Collected data entries
========
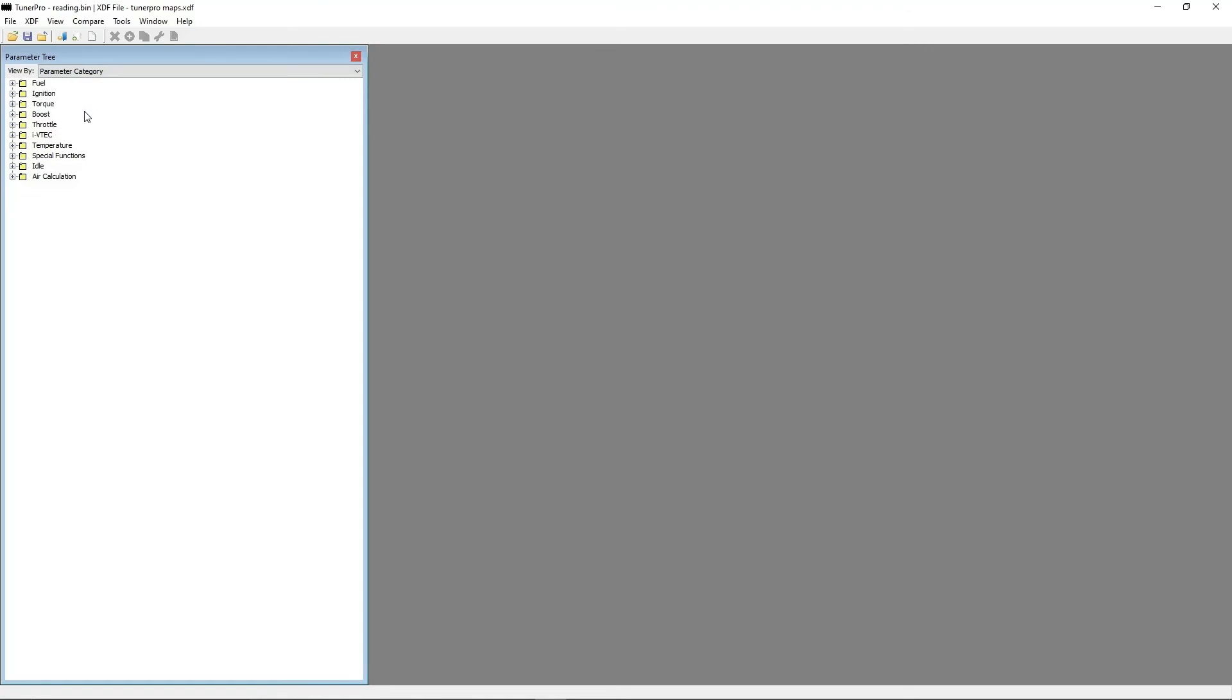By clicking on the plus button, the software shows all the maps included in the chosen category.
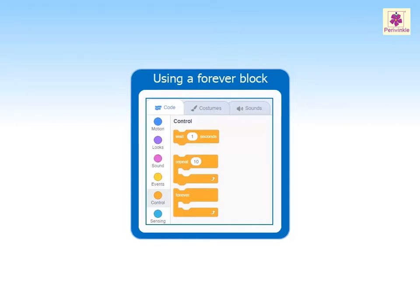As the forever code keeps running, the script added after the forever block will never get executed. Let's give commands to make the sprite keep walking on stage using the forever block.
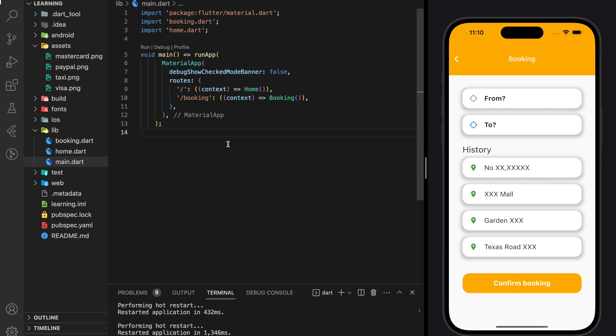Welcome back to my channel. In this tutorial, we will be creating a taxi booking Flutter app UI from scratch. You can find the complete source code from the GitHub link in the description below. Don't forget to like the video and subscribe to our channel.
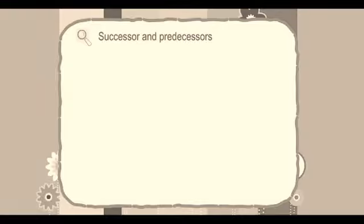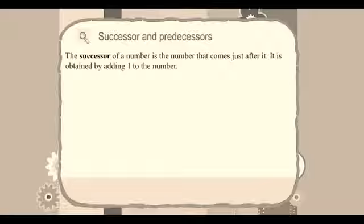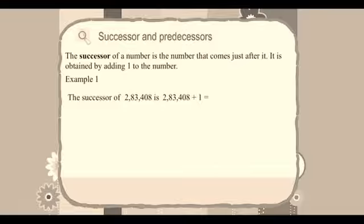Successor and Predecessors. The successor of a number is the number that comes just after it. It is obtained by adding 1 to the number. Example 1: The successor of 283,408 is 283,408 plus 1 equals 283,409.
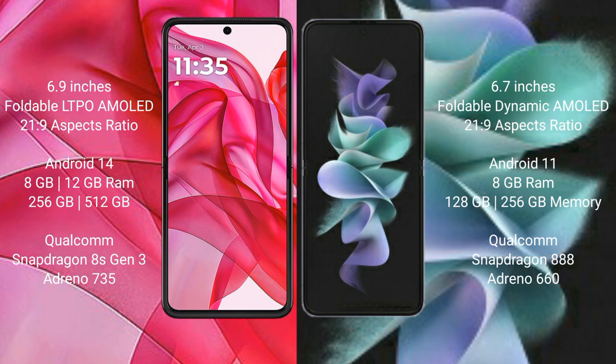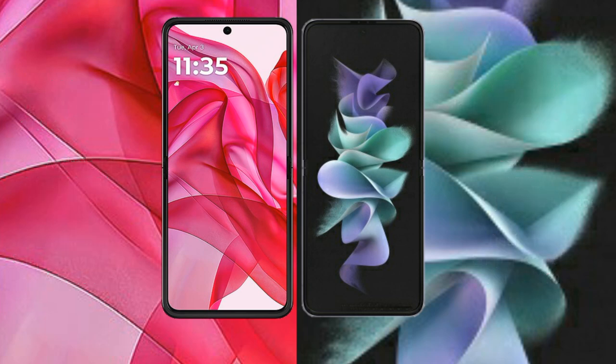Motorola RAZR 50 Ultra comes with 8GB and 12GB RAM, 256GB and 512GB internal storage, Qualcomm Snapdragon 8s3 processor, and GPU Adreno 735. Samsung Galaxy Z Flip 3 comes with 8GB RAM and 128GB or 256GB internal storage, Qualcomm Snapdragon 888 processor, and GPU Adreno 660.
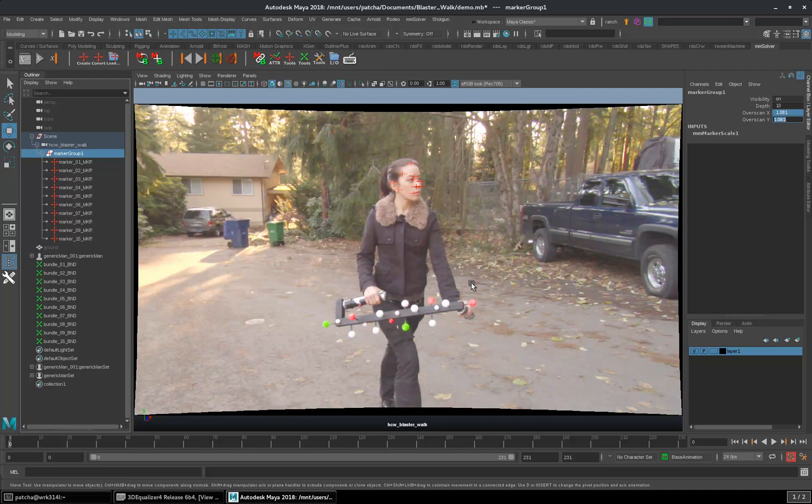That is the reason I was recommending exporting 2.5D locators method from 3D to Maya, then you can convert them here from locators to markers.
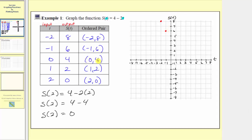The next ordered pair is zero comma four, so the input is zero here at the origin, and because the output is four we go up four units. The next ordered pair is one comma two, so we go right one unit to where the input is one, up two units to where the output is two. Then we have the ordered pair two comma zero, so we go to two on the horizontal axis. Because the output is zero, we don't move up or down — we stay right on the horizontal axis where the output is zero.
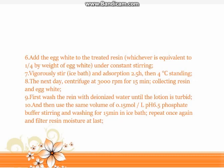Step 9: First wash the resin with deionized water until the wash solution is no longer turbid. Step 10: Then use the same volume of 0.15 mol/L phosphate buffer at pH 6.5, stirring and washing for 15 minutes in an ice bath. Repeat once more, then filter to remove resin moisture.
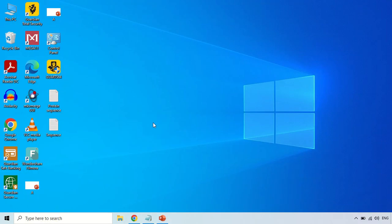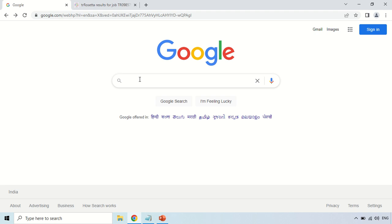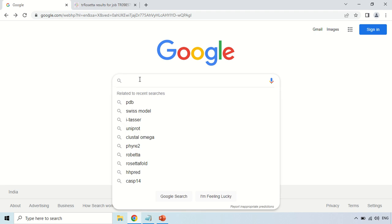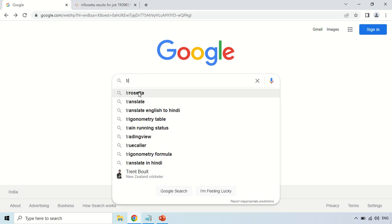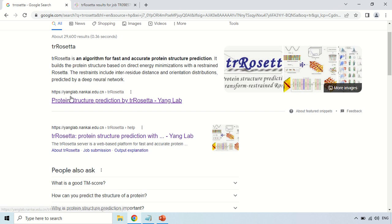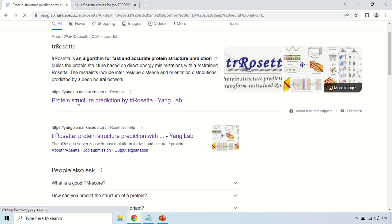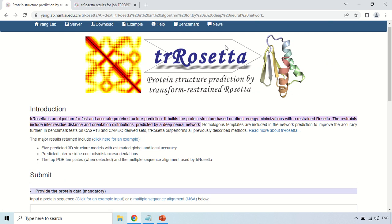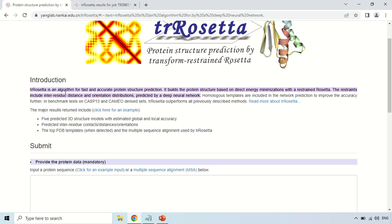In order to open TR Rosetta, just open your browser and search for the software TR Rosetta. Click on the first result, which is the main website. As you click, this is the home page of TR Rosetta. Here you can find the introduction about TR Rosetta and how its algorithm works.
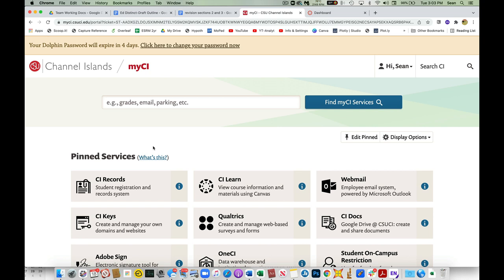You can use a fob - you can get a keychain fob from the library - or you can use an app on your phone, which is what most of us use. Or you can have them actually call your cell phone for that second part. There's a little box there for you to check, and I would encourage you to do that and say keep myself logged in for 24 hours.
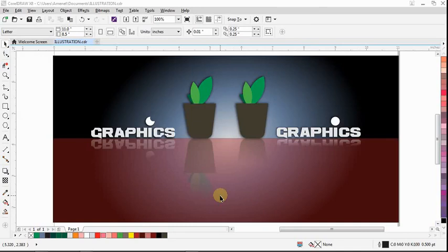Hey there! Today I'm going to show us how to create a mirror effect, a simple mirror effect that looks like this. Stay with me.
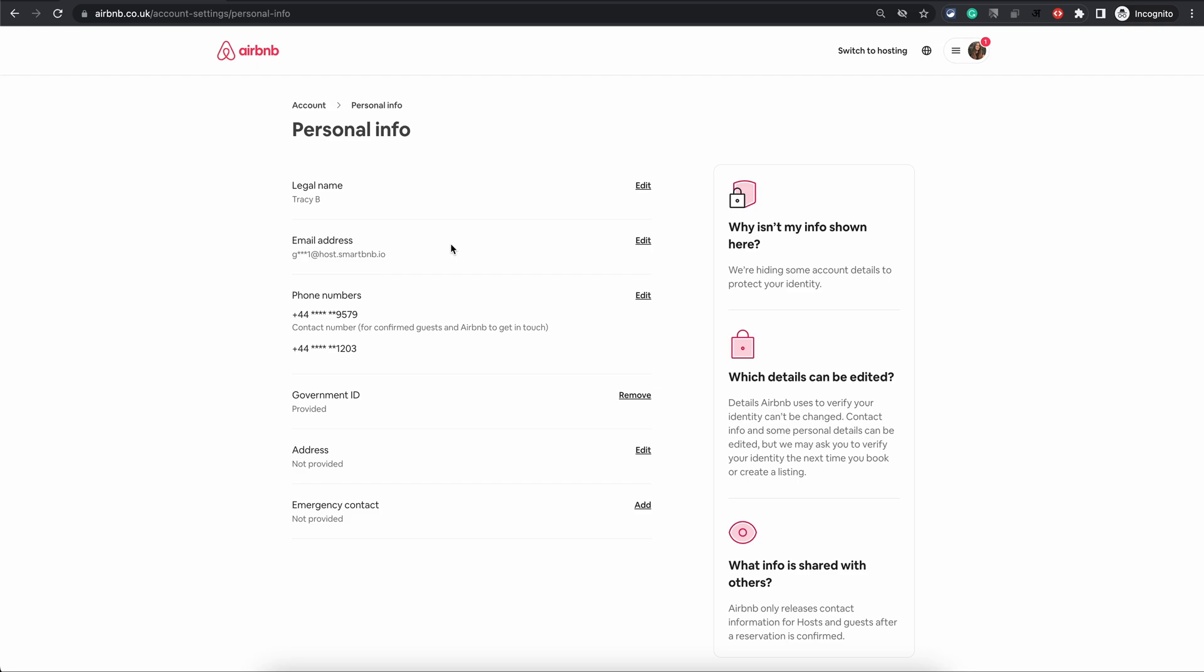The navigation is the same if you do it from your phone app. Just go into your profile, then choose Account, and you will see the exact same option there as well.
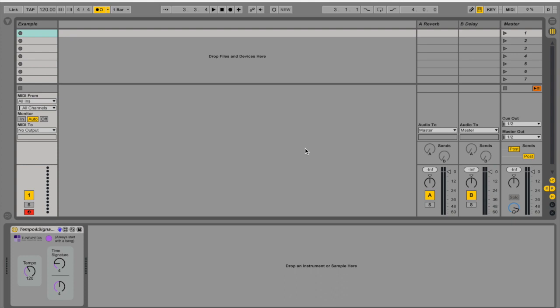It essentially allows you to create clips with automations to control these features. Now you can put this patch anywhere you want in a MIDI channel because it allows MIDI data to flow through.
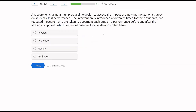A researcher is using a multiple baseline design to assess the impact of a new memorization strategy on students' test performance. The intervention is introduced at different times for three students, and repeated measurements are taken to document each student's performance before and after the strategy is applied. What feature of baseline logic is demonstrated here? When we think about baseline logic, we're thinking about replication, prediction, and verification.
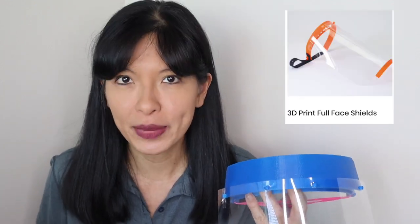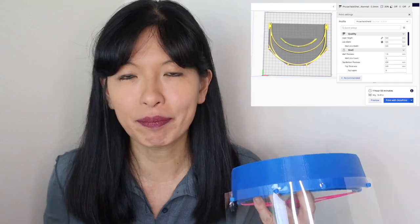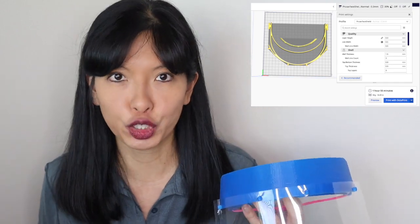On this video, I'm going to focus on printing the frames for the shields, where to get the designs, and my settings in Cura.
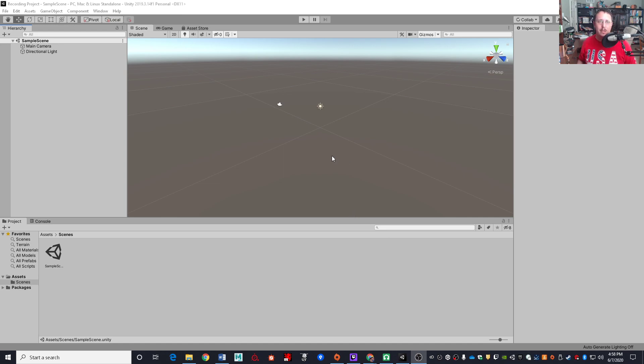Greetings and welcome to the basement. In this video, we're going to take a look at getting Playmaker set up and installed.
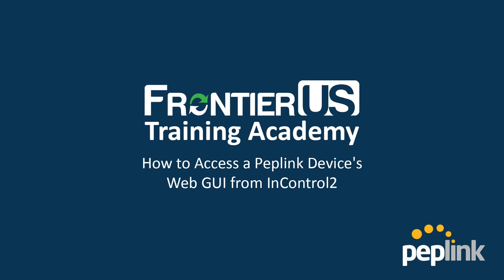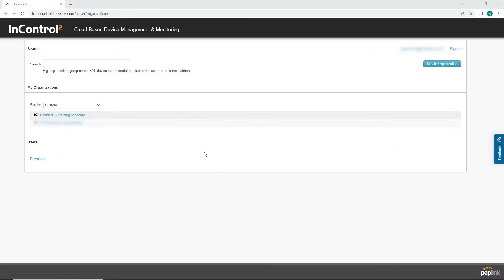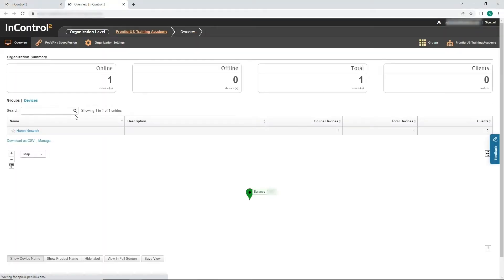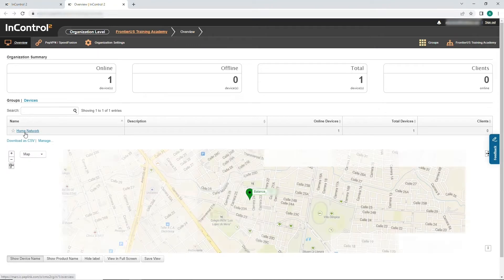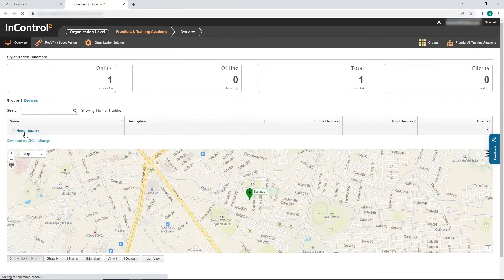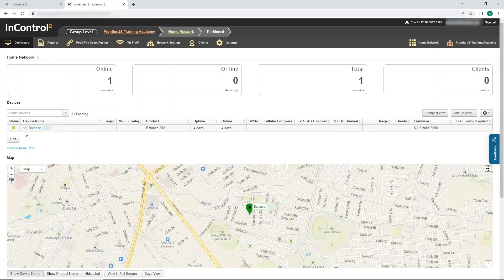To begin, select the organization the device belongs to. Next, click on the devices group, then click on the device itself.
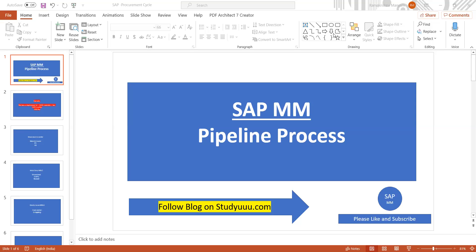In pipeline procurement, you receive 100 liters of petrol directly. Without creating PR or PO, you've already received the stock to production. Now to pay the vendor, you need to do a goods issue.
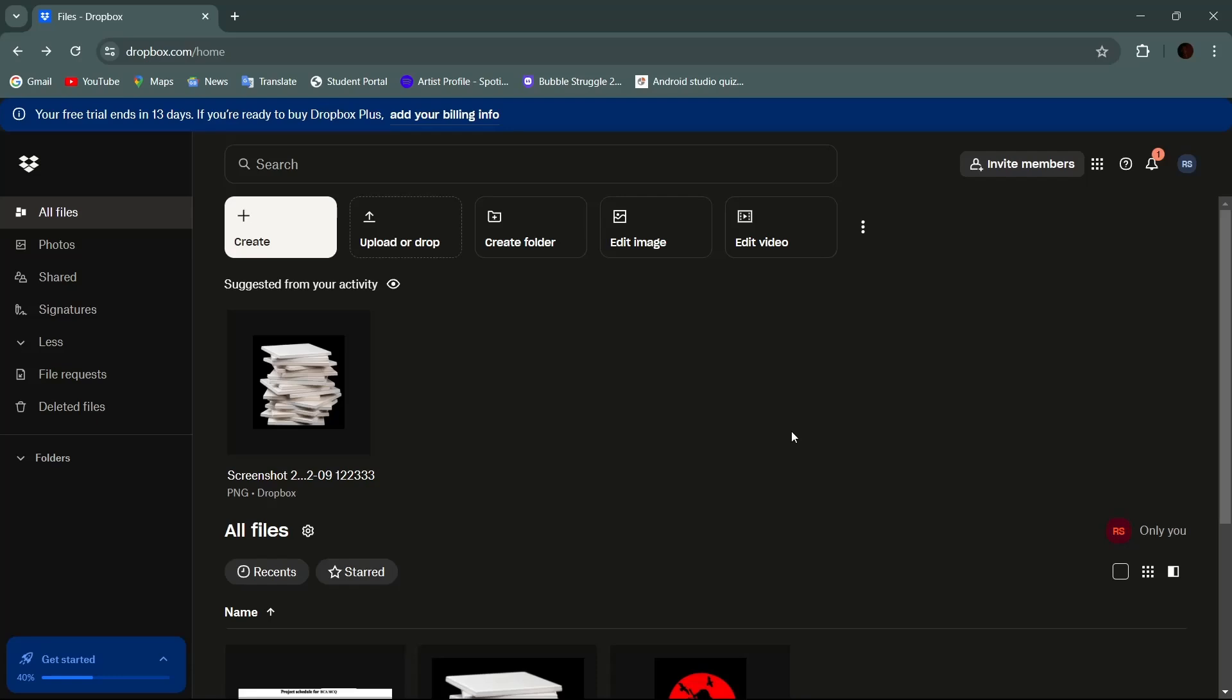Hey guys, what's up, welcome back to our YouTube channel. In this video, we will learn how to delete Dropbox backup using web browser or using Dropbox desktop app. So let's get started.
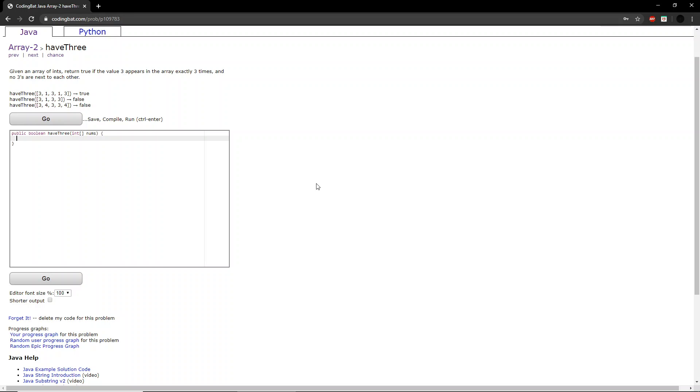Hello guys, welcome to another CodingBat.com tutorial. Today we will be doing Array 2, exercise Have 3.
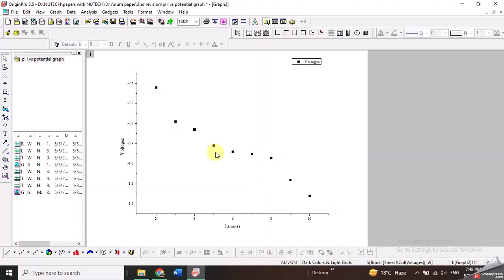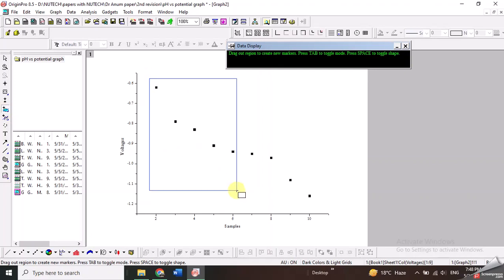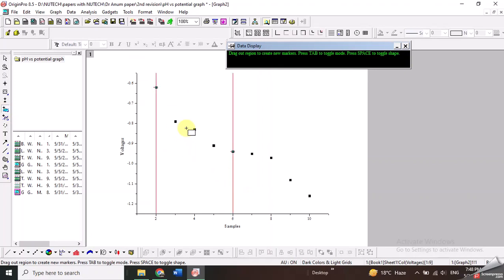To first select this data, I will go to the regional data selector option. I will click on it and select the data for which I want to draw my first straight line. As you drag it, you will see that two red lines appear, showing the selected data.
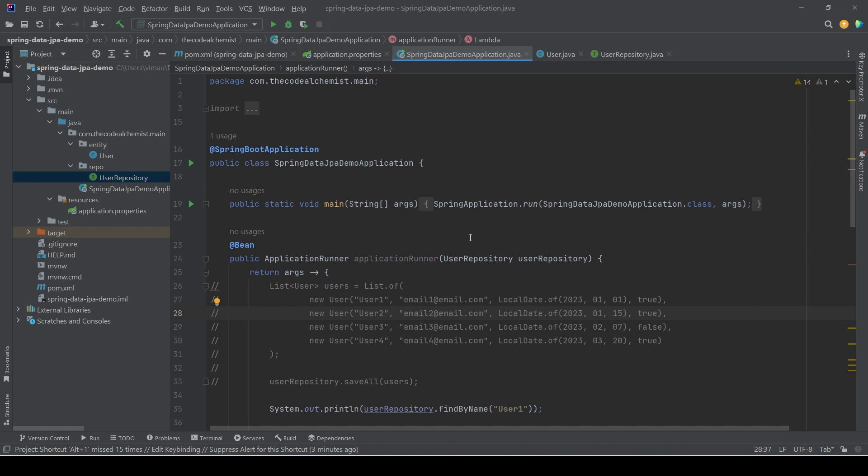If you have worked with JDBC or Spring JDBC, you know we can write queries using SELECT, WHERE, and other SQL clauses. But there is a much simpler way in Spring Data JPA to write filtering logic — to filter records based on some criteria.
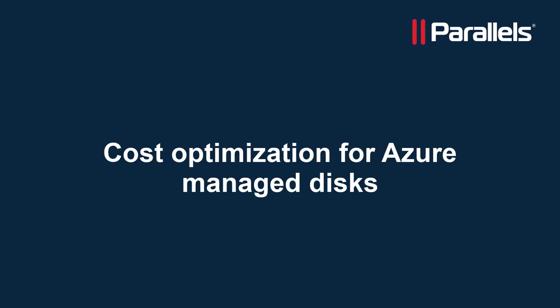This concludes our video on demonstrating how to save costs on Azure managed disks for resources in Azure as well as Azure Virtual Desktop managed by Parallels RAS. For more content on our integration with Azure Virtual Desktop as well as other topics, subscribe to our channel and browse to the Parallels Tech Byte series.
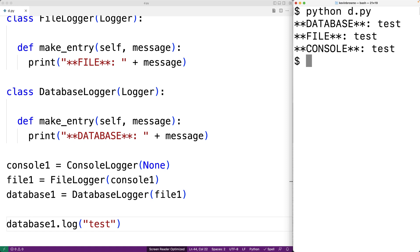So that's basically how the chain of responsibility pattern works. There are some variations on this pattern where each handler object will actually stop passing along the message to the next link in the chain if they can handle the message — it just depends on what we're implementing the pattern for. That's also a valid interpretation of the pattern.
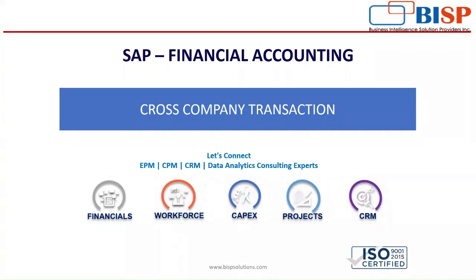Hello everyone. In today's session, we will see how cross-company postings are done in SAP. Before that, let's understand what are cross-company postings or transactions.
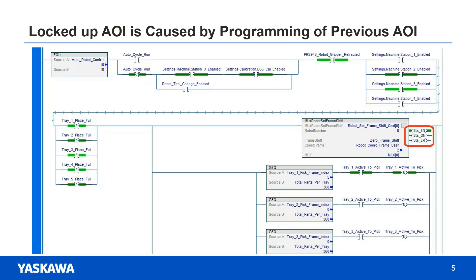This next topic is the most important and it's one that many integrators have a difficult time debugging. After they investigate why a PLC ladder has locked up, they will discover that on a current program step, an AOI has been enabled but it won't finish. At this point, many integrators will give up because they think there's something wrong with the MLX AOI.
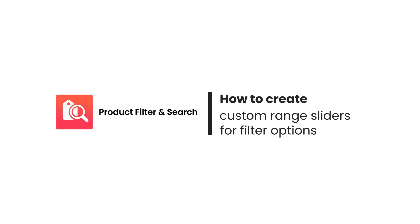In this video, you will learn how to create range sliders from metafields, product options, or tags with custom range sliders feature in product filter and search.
========
--- EXERCISE GOAL ---
For the entries above, print exactly the lines between the one with "Step 9: First" and the one with "A researcher is", inclusive, with no pictures.

--- WORKED SOLUTION ---
Step 9: First wash the resin with deionized water until the wash solution is no longer turbid. Step 10: Then use the same volume of 0.15 mol/L phosphate buffer at pH 6.5, stirring and washing for 15 minutes in an ice bath. Repeat once more, then filter to remove resin moisture.
In order to open TR Rosetta, just open your browser and search for the software TR Rosetta. Click on the first result, which is the main website. As you click, this is the home page of TR Rosetta. Here you can find the introduction about TR Rosetta and how its algorithm works.
You can use a fob - you can get a keychain fob from the library - or you can use an app on your phone, which is what most of us use. Or you can have them actually call your cell phone for that second part. There's a little box there for you to check, and I would encourage you to do that and say keep myself logged in for 24 hours.
Hey there! Today I'm going to show us how to create a mirror effect, a simple mirror effect that looks like this. Stay with me.
The navigation is the same if you do it from your phone app. Just go into your profile, then choose Account, and you will see the exact same option there as well.
It essentially allows you to create clips with automations to control these features. Now you can put this patch anywhere you want in a MIDI channel because it allows MIDI data to flow through.
A researcher is using a multiple baseline design to assess the impact of a new memorization strategy on students' test performance. The intervention is introduced at different times for three students, and repeated measurements are taken to document each student's performance before and after the strategy is applied. What feature of baseline logic is demonstrated here? When we think about baseline logic, we're thinking about replication, prediction, and verification.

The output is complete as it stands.